Leurs silences tombent enfin d’accord. Anne s’est assoupie. Camille n’a pas les mots, il lui faudrait un crayon, il dessinerait, en quelques traits, leur solitude en commun, chacun d’eux est à une extrémité de son histoire, ils sont ensemble et séparés. Inexplicablement, il ne s’est jamais senti plus près d’elle, une obscure solidarité l’attache à cette femme. Il s’esquive doucement, pose délicatement la tête d’Anne sur le canapé et se lève.

Allons.
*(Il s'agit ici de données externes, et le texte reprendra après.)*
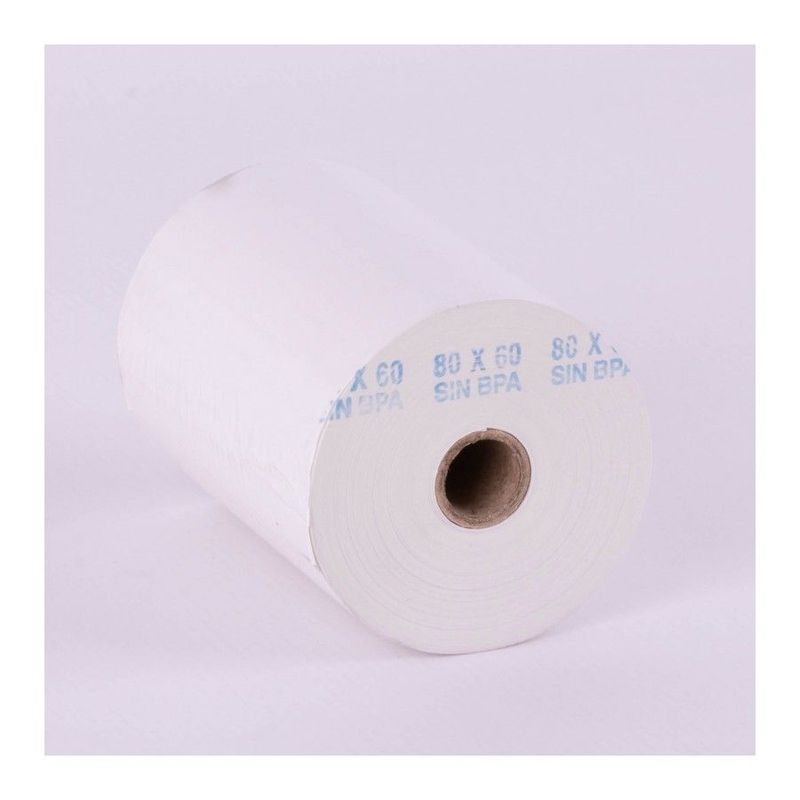 ROLLOS PAPEL TÉRMICO 80x60x12mm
Il faut maintenant aller chercher le fin mot.

Il monte l’escalier avec une lenteur d’Indien, il connaît chaque marche, chaque craquement, il ne fait aucun bruit, et de plus il ne pèse pas bien lourd.

En haut, la chambre est mansardée, le toit chute selon une pente vertigineuse, l’extrémité de la pièce n’est haute que de quelques dizaines de centimètres. Camille s’allonge sur le sol, rampe jusqu’aux confins du lit, jusqu’à un panneau de bois qui bascule vers soi et qui permet d’accéder aux solives du toit, c’est une trappe de visite. L’intérieur est noir de poussière, de toiles d’araignée, y passer la main c’est une aventure, Camille y passe le bras, cherche à tâtons, rencontre le plastique, le saisit et le tire vers lui. Un sac poubelle gris enveloppant un épais dossier fermé par des élastiques. Il ne l’a pas ouvert depuis…

Il sera dit que cette histoire le place sans cesse en face de ce qu’il redoute.

Il cherche autour de lui, retire la taie de l’oreiller, y enfourne soigneusement le sac plastique dont la saleté, comme de la cendre, s’élève en nuage au moindre mouvement. Il se relève, emporte le tout, redescend avec mille précautions.

Quelques minutes plus tard, il laisse un mot à Anne. « Repose-toi. Appelle-moi quand tu veux. Je reviens très vite. » Je vais te mettre à l’abri, non, ça, il n’ose pas l’écrire. Après quoi il fait le tour de la maison, essaye toutes les poignées, vérifie toutes les fermetures.

Avant de sortir, de loin, il regarde le corps d’Anne, allongé sur le canapé. Ça lui serre le cœur de la laisser. Il lui est difficile de partir mais impossible de rester.

Allons. L’énorme dossier sous le bras, enveloppé dans la taie d’oreiller à rayures, Camille traverse enfin la cour, avance vers la forêt, là où il a garé la voiture.

Puis il se retourne. On dirait que la maison silencieuse est posée sur un plateau, au milieu de la forêt, comme le sujet d’une vanité du XVIIe siècle, un coffret. Il pense à Anne endormie.

Mais en fait, lorsque sa voiture, au ralenti, quitte la cour et s’enfonce dans la forêt, Anne, allongée sur le canapé, a les yeux grands ouverts.

11 h 30

À mesure que Paris se rapproche, le paysage mental de Camille se simplifie. Ce n’est pas plus clair mais il sait maintenant où poser les points d’interrogation.

L’urgence est de se poser les bonnes questions.

Au cours d’un hold-up, un tueur saisit cette femme qui se fait appeler Anne Forestier. Il la traque, il veut la tuer et vient la pourchasser jusqu’ici.